Seems to me that where interacting with women is concerned a lot of them are only happy if they are the boss, if they are in control of everything and they get all the benefits of any situation.
If they can't have that they will look for ways to exploit the woman, if that doesn't work they sabotage.

Buttercupmush · 26/02/2024 15:02

@Gloriosaford
Men love it when women ask them for help. At work I've learned to not tell them what to do but to ask for help with a problem. I find stuff gets done just like that .

GrannyWeatherwaxsHatpin · 26/02/2024 15:09

Buttercupmush · 26/02/2024 15:02

@Gloriosaford
Men love it when women ask them for help. At work I've learned to not tell them what to do but to ask for help with a problem.

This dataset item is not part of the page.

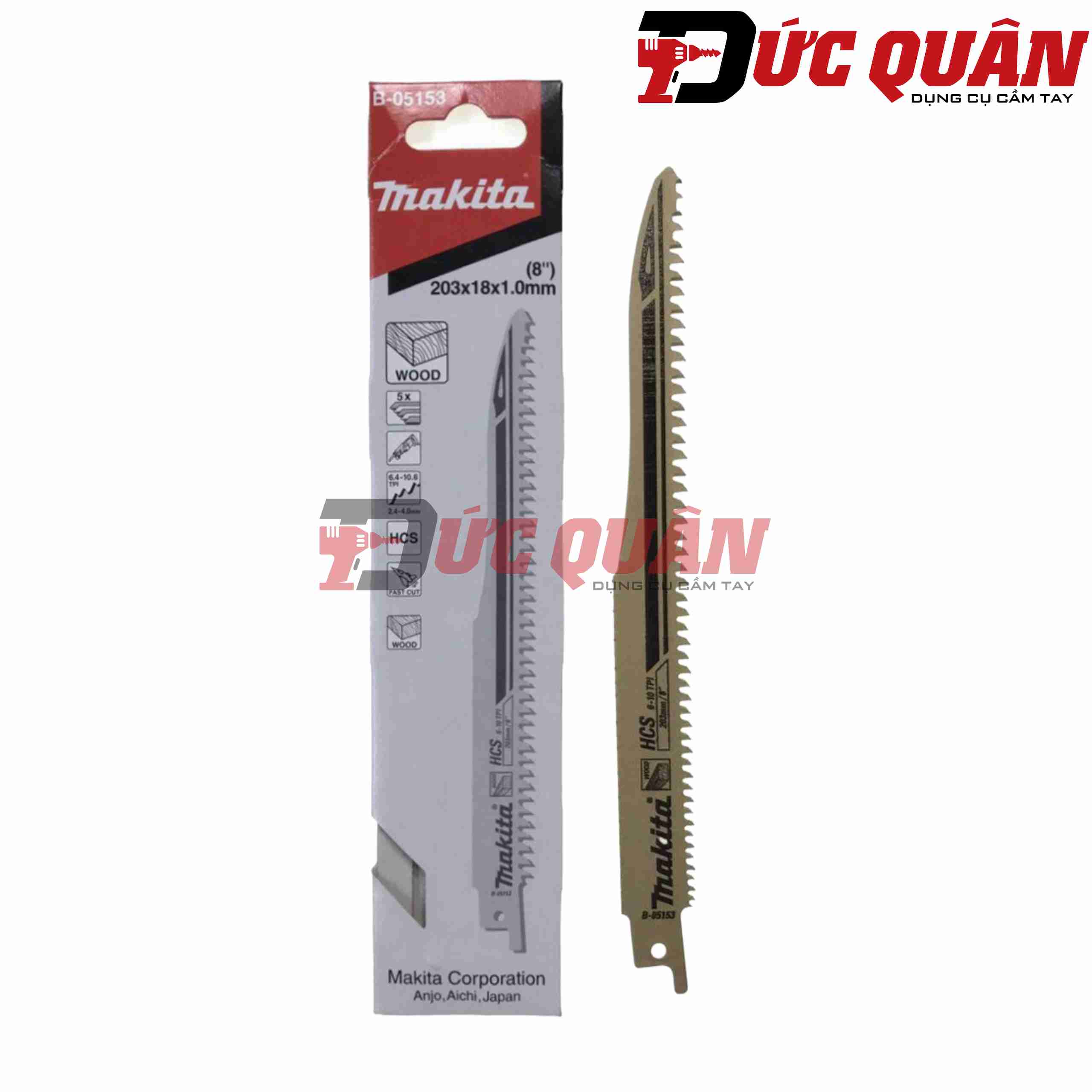 Lưỡi cưa kiếm cắt gỗ 203x18x1.0mm makita b-05153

I find stuff gets done just like that .

Doesn't that reinforce the idea that we need their help and cannot know the answers for ourselves and/or ask them to carry out tasks as instructed?

makeupme · 26/02/2024 16:51

Buttercupmush · 26/02/2024 15:02

@Gloriosaford
Men love it when women ask them for help. At work I've learned to not tell them what to do but to ask for help with a problem. I find stuff gets done just like that .

Oh yes, my ex made it very clear when I split with him that he thought I was "too happy on my own and too independent for a relationship". He ended the ranty paragraph with "I just wanted you to NEED me!".

Red flag well and truly noted for the future!

Petitchat · 31/07/2024 20:35

OLDbutnotforgotten · 19/02/2024 16:04

ive had a guy ask me to stop using a piece of gym equipment he wasn’t on because he wanted to alternate between the one he was on and the one I was going to use.

it was a busy gym and he wanted me to stand waiting while he used two machines. I told him no thanks, I’m staying on it and his jaw hit the floor. It was as if I had just broken some massive etiquette rule.

ive always wanted to ask- was I being rude ? Or was he?

Him definitely.
Don't waste any more time thinking about it.